Liérmotov, um dos maiores poetas clássicos, morreu aos 27 anos em um duelo. Gárchin, mestre do conto curto, suicidou-se aos 33 anos. Púchkin, o maior poeta russo, duelou e morreu aos 38 anos. Checov, mestre supremo do conto, se foi pela tuberculose aos 44 anos.
Sempre que penso na Rússia, vejo aquele cocheiro do conto do Checov. Envolto em surrado manto, coberto pela nevasca implacável, ele espera clientes e monologa tristemente — ou fala com seu manso cavalinho — a imobilidade, a neve, o frio, a solidão.

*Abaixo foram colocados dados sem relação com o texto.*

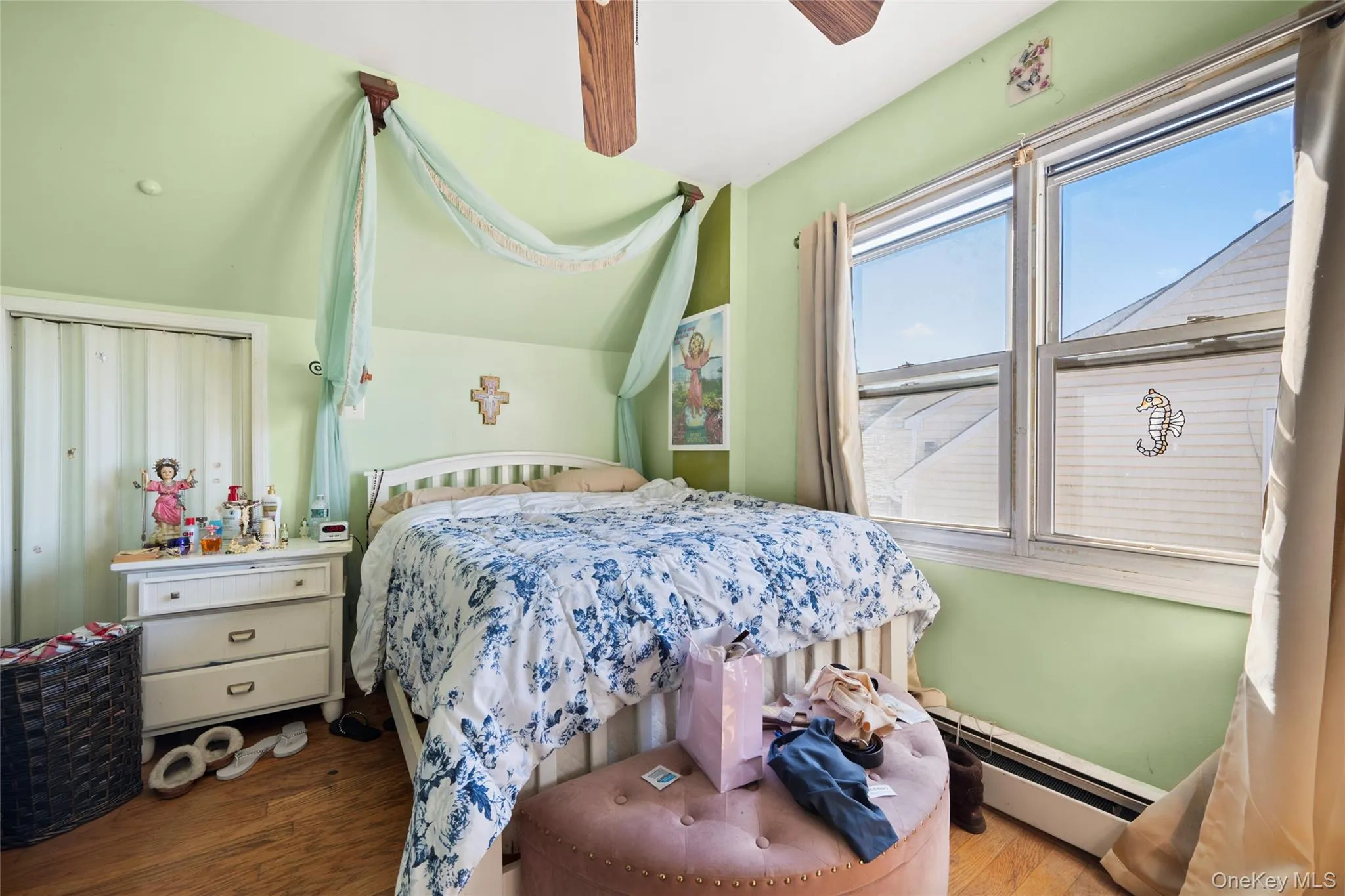 Second floor BR4: Sloped ceilings, wood-finish flooring, and large window with dual panes Second floor BR4: Sloped ceilings, wood-finish flooring, and large window with dual panes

A Rússia são distancias imensas — as vastas estepes. Agora, imagine um escritor desesperado numa noite de insônia, cheio de dúvidas, nervos em frangalhos, com a fome rondando como um cão sem dono. Ele é um tipo de escritor — descrito por ele mesmo — forçado a mostrar o terrível e chocante pântano das coisas triviais, enquanto os leitores roubam dele seu coração e sua alma.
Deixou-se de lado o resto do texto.